Dataset excerpts section start
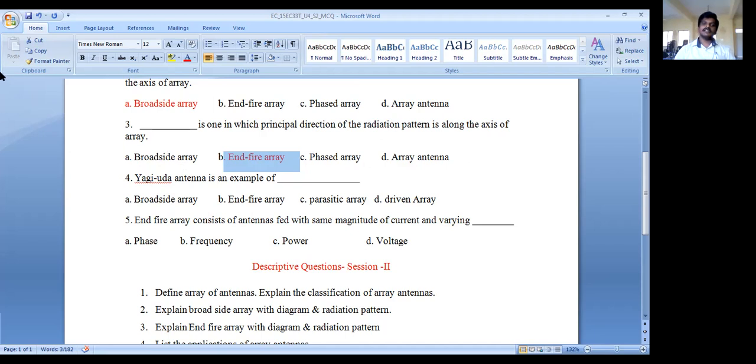The next MCQ asks: Yagi-Uda antenna is an example of which type of array — broadside array, endfire array, parasitic array, or driven array? In the Yagi-Uda antenna, there is a reflector, a driven element, and directors. Since it contains parasitic elements, the correct answer is parasitic array.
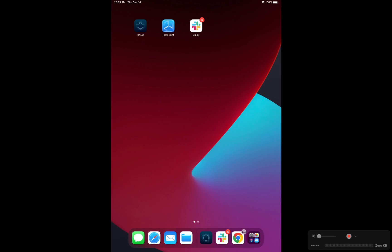Hey everyone, this is Emily with Simple Booth. I'm here to walk you through a quick demo of the Simple Booth Halo app. So what you're seeing right now is the screen of my iPad. I already have the Simple Booth Halo app downloaded, so I'm going to go ahead and open that up now.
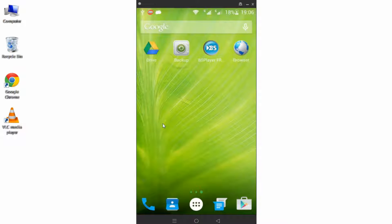Hello guys, in this video I'm going to show you how you can record your Android screen in HD.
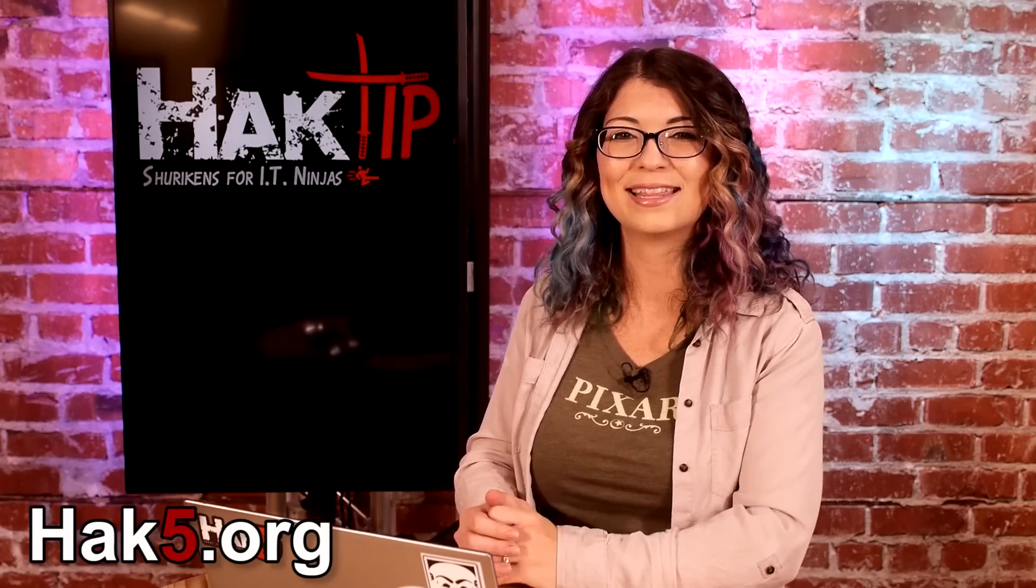Be sure to check out our sister show, Hack5, for more great stuff just like this. I'll see you next week. Trust your Technolust.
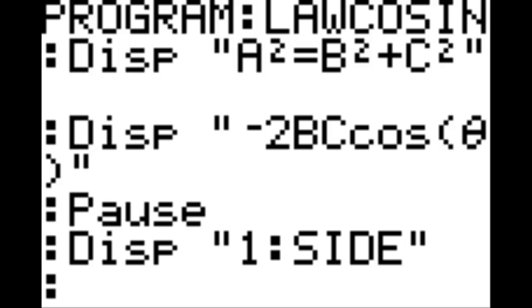New line, program option 8 which is pause. New line, display: quotation mark, 1 colon side, end quotation. New line, display: quotation mark, 2 colon angle, quotation mark. New line, program under I-O, option 2, prompt.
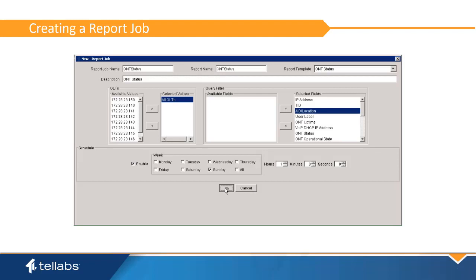If days are chosen, then the job will execute automatically at the set time. Click OK to save the report job.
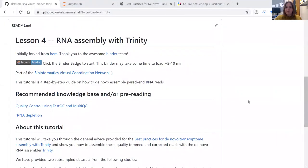Hi, my name is Alexis Marshall, and I'm currently a research fellow at the University of Waikato in Hamilton, New Zealand.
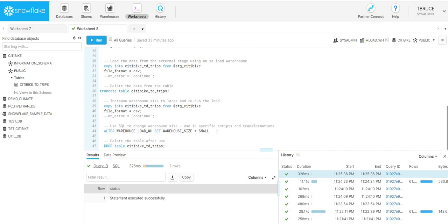If you have automated transformations, if you have a particularly complex transformation, it might be that you would alter the warehouse at the start of the script, set the size to be large to run one particular script, and then you could resize it back to being small for all of the further processing which might be less complex. This gives you a lot more flexibility over your data loads and gives you different ways to control your data load schedule.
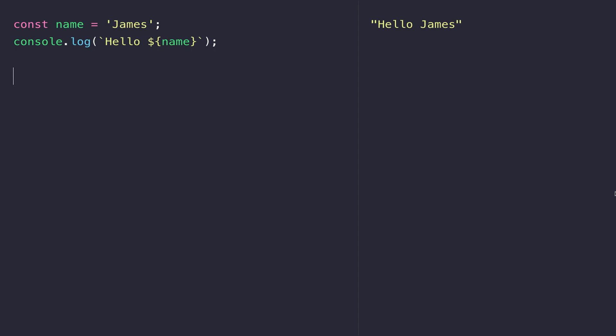A function is just a set of JavaScript statements that you assign a name to, and then when you want to run that code, you just reference the name that you've given the function — otherwise known as calling the function — and those lines of code within the function run.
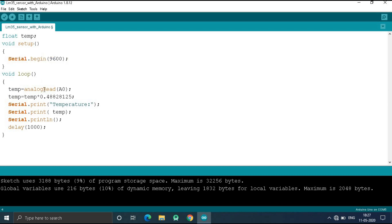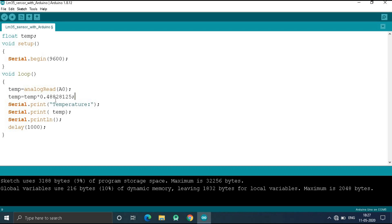In the void loop, I put this analog value to this temp variable. I multiply this temp variable by 0.48828125 because this temp variable is analog and I convert this temp variable to temperature. That is why I multiply this temp variable by 0.48828125.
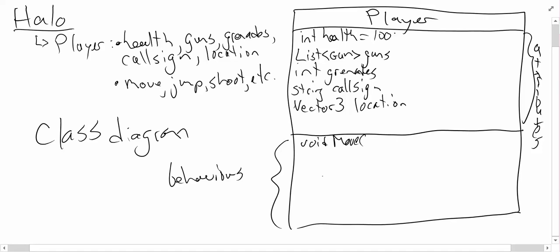So for example, if I'm moving, I need a direction that I'm going to move in. Well this is a three dimensional game, so it's probably going to be a vector 3, direction.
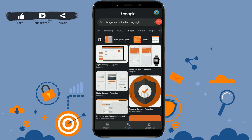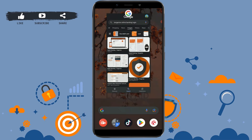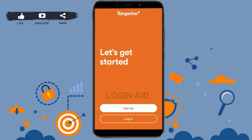Hello everyone, welcome back to the Logging Aid channel. Today in this video I will be showing you how you can log in to the online banking account of Tangerine Bank. First of all, you need to open the banking application that you have downloaded. Tap on the bank app — this is the home page of the bank.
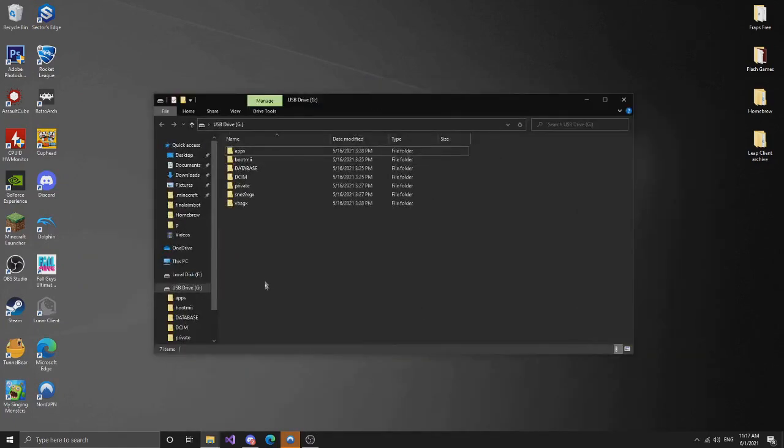So basically today I'm going to teach you how to update USB Loader GX without losing any of your games.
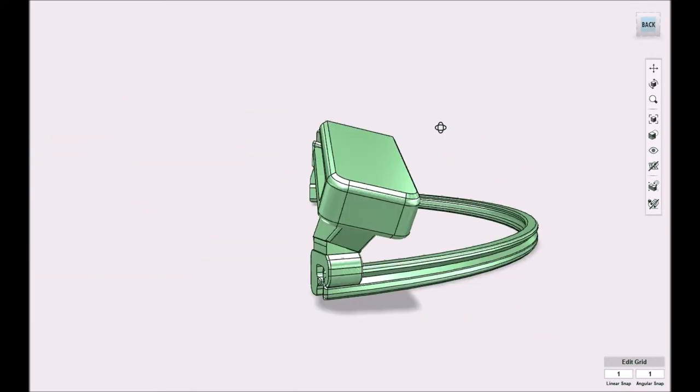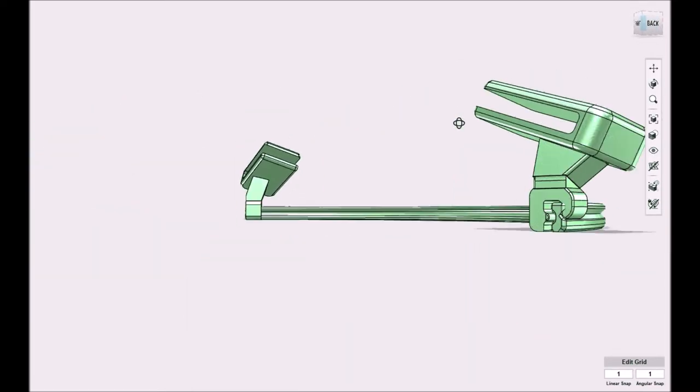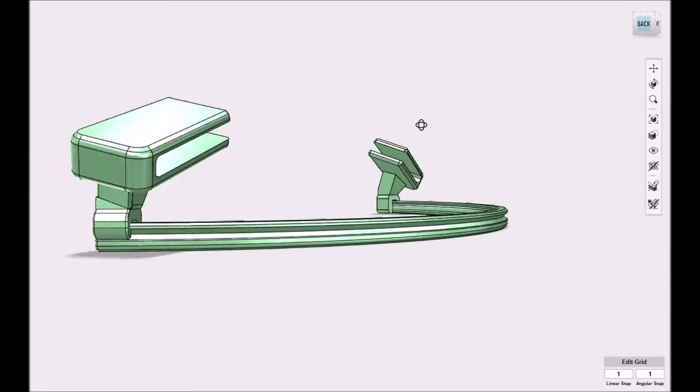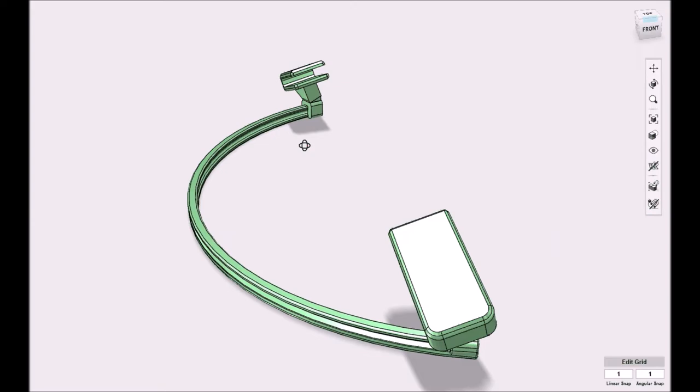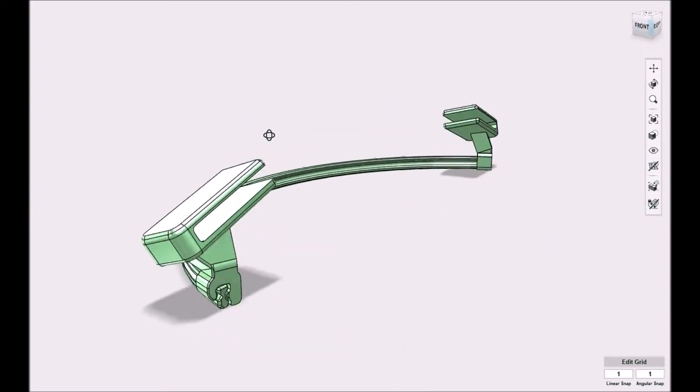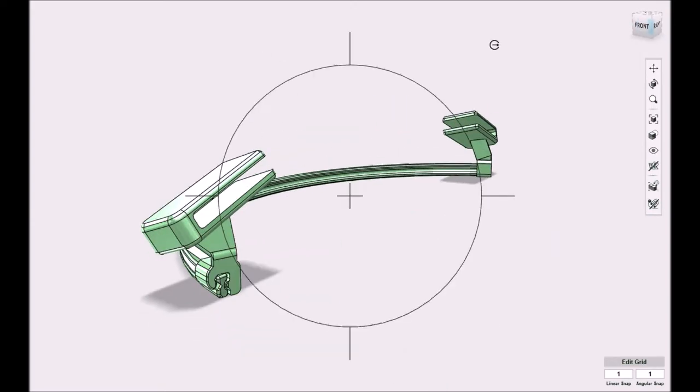The whole assembly is very lightweight and it takes about 10 minutes to print each part. The little clips take one minute each.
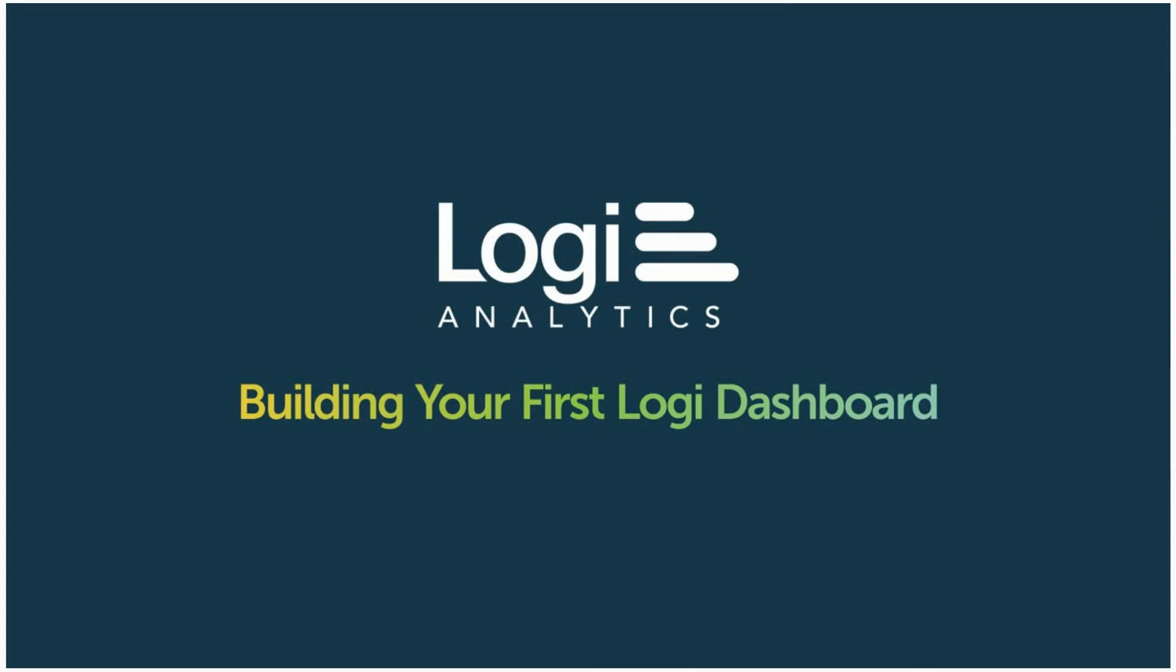Hello and welcome to this video teaching you how to build your first Logi dashboard. Hopefully you've checked out our previous video on the capabilities of the Logi dashboard. This video will teach you how you can build your own dashboard using Logi Studio.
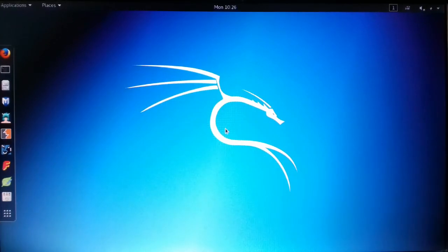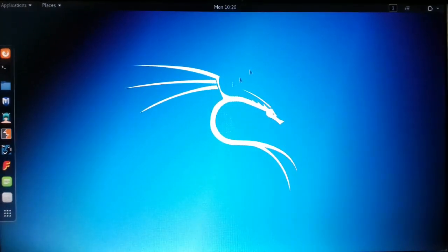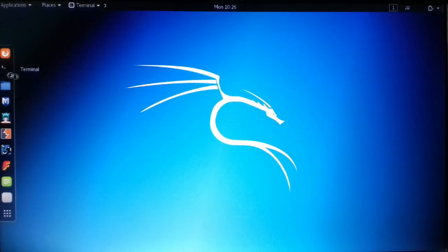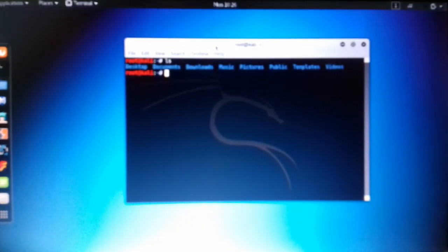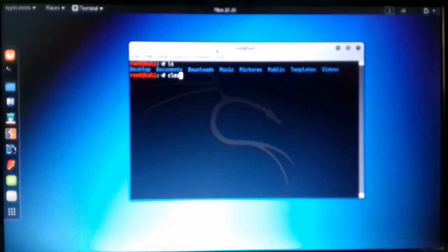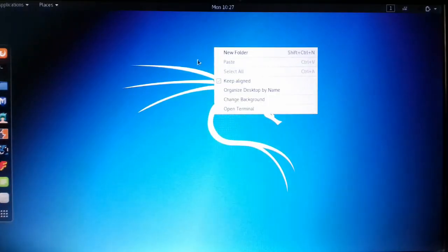We are now booting into Kali Linux. Here we go — you can see you have successfully installed Kali Linux on your Windows PC. You can open the terminal, type a command like ls, and everything is working fine.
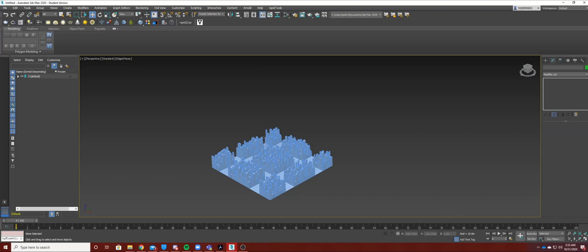Hello everyone, welcome back to dynamic modeling of buildings and cities and this is Josh. Today I'll be covering some analysis and shadow studies in 3ds Max.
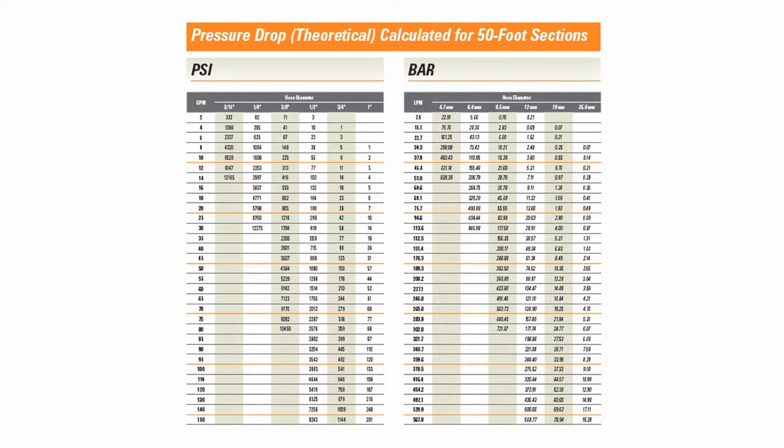Pressure drop occurs as water moves its way through the water blasting system. The fittings, hose, and even the tool that you're using will all contribute to pressure drop. To estimate the pressure drop in your system, consult a pressure drop chart such as one found in the NLB accessory catalog.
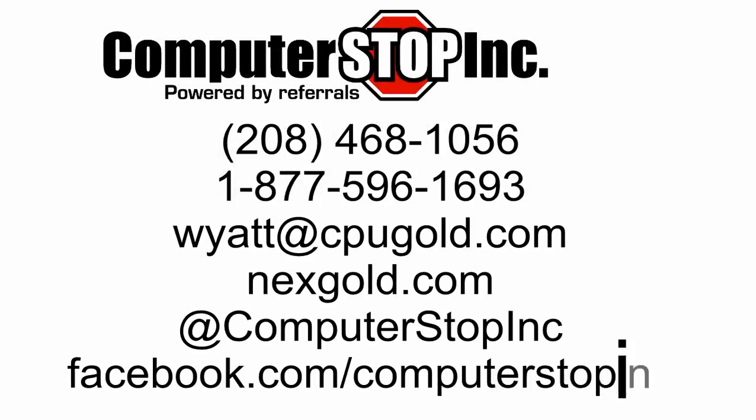If you have any questions about OpenOffice or other computer related things, please don't hesitate to contact us here at ComputerStop. We'd love to hear from you.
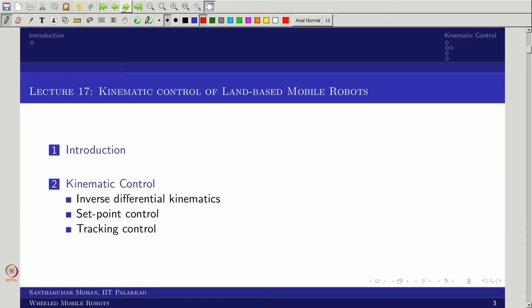Welcome back to the Build a Mobile Robot course. In the last class we covered robot motion control and its types. Here we will do kinematic control for a general land-based mobile robot, writing equations for the general case without specifying wheel configuration. Holonomic and non-holonomic cases will be covered in the next lecture. This lecture covers inverse differential kinematics, set-point control, and tracking control with respect to kinematics.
Dataset excerpts section end
■ What you will do ■
Reproduce the data above exactly, but only the lines from the one showing "If days are" through the one showing "A function is", with both ends kept and the pictures left out.

■ Expected answer ■
If days are chosen, then the job will execute automatically at the set time. Click OK to save the report job.
Hi, my name is Alexis Marshall, and I'm currently a research fellow at the University of Waikato in Hamilton, New Zealand.
If you have automated transformations, if you have a particularly complex transformation, it might be that you would alter the warehouse at the start of the script, set the size to be large to run one particular script, and then you could resize it back to being small for all of the further processing which might be less complex. This gives you a lot more flexibility over your data loads and gives you different ways to control your data load schedule.
A function is just a set of JavaScript statements that you assign a name to, and then when you want to run that code, you just reference the name that you've given the function — otherwise known as calling the function — and those lines of code within the function run.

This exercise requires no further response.